If left untreated, dehydration can become serious. Signs of dehydration include thirst, less frequent urination, dry skin, fatigue and dark colored urine, as described by the National Digestive Diseases Information Clearinghouse. In children, parents can notice dehydration by the lack of tears when crying, a high fever, irritability and no we diapers in a 3-hour period. Mild dehydration can be treated with oral rehydration therapy that includes drinking plenty of liquids such as fruit juices, broths and rehydration solutions.

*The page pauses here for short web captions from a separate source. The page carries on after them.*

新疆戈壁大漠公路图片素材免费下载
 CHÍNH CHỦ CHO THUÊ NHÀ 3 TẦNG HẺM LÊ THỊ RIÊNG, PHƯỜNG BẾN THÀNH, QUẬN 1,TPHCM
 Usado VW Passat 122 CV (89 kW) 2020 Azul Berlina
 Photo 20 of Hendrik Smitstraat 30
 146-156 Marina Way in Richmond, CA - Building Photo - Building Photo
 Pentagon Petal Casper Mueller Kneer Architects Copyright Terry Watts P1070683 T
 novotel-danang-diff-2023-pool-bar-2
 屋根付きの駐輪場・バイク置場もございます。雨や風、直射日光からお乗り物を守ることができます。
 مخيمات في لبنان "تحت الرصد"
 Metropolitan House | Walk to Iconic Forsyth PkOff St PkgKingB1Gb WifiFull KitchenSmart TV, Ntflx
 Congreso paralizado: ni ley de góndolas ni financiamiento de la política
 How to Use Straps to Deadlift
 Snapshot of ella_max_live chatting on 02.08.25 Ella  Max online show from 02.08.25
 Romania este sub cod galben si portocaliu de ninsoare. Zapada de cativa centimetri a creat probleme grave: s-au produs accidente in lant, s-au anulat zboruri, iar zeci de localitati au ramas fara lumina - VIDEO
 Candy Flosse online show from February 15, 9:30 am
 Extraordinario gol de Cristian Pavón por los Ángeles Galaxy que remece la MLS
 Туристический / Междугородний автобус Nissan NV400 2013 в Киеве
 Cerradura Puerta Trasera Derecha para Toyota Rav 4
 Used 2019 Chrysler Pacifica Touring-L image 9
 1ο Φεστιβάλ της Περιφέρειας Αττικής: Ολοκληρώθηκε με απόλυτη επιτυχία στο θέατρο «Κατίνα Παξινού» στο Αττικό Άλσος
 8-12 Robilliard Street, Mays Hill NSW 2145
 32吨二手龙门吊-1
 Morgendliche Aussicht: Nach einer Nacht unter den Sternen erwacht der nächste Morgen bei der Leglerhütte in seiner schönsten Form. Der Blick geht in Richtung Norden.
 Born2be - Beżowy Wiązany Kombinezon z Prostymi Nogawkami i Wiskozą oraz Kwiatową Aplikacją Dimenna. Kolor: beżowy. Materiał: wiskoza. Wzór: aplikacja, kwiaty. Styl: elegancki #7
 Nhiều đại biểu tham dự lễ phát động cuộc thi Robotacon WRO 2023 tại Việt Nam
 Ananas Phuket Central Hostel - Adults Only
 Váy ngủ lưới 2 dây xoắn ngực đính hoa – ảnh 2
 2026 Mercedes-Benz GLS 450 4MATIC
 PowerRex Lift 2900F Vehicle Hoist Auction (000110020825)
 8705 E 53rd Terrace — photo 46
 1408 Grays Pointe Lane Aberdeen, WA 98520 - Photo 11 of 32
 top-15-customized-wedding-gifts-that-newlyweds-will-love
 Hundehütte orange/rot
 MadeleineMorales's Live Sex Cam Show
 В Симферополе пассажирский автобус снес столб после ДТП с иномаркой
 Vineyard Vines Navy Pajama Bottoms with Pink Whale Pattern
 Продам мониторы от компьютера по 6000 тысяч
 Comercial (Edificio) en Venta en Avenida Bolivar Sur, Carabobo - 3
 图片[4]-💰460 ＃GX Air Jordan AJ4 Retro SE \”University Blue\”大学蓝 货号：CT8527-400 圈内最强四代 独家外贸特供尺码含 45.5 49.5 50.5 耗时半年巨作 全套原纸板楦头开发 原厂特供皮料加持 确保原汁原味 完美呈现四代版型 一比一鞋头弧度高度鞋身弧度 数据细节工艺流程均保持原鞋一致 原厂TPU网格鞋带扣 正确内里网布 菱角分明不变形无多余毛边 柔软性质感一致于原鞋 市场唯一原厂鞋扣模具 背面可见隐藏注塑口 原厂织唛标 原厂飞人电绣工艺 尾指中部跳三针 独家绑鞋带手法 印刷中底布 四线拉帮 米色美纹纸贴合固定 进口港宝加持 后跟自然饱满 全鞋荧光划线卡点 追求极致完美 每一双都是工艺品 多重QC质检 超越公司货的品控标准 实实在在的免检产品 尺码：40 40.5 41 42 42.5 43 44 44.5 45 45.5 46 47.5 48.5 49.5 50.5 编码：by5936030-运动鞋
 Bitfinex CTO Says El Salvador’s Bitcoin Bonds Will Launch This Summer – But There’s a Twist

When the intestines fail to absorb fluids, electrolytes, or minerals, remain in the stool and are flushed out in the diarrhea. The body requires the right balance of electrolytes to maintain the chemistry of the blood and support organ functions and help in muscle actions, according to MedLine plus and the National Institutes of Health.
The main electrolytes found in the body include sodium, potassium, calcium, magnesium, chloride, phosphate and carbonate. A low level of sodium, known as hyponatremia, can cause confusion, drowsiness, muscle weakness and seizures, as described by the Merck Manual. Hypokalemia, a low level of potassium, can affect the level of sugar in the blood as well as cause muscle weakness, fatigue and confusion. To ensure electrolytes remain in balance, those with chronic diarrhea need to take in electrolytes by drinking the broth and juices instead of just plain water.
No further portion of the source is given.